Some people will be excited by the chance to drill into data and cells on spreadsheets.
He said others will be excited by painting the broader strokes.
He then gave more examples, such as, the irony of how you might have the energy to go skiing, but not to go to the movies.
The point he was making was that energy is relative and you should be aware of what gives you energy or takes it away.
So even your choice of tasks or how you do your tasks can be a source of your self-awareness and personal growth.

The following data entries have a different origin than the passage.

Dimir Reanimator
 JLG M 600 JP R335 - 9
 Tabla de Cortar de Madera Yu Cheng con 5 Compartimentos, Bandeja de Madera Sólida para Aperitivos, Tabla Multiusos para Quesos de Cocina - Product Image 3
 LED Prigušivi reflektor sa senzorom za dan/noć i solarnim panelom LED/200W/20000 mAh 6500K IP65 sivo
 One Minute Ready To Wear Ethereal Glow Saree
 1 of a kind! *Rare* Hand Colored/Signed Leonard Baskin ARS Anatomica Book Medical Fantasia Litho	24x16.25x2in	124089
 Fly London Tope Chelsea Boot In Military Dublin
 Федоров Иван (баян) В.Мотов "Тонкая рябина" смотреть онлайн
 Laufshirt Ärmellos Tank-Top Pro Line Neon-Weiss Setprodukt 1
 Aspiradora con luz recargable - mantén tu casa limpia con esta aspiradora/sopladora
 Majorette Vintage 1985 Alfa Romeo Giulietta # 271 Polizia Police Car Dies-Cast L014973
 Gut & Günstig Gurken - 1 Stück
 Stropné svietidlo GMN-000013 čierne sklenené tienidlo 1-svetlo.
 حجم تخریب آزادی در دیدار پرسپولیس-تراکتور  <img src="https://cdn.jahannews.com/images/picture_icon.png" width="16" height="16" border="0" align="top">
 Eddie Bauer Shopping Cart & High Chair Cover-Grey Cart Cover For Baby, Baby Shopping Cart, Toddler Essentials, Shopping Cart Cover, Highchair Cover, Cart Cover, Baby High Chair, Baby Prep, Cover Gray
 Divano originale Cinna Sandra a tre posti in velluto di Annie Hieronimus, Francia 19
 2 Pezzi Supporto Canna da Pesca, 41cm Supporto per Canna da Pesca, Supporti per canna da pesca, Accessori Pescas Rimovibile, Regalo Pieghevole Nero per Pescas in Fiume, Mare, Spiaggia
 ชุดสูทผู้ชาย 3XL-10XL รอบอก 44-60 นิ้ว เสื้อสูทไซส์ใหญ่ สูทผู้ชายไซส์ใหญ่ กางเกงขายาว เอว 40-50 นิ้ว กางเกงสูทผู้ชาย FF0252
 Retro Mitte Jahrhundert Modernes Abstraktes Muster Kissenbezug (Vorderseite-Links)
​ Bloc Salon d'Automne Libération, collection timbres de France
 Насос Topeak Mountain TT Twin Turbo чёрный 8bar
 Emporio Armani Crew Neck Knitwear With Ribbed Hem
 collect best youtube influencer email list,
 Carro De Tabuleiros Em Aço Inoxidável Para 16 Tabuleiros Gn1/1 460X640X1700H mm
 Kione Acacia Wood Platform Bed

How to Increase Your Energy
Like I said, awareness if half the battle. If you think in terms of catalysts and drains, you have a new lens to choreograph your life.
You can now mix and match to help you survive and thrive. For example:
If I work on tasks that drain me, I try to pair up with people who jazz me, to help keep me going.
And if I work with people who drain me, I try to find energizing tasks to help me mitigate the drains.
The ideal scenario is working on tasks that jazz you with people who catalyze you and unleash a better version of yourself.
But on the practical side, just being aware of your catalysts and drains will help you make smarter moves throughout your day.
Once you realize this little secret, you can be more selective and you can find more ways to adapt, adjust or avoid your catalysts and drains to live a better life.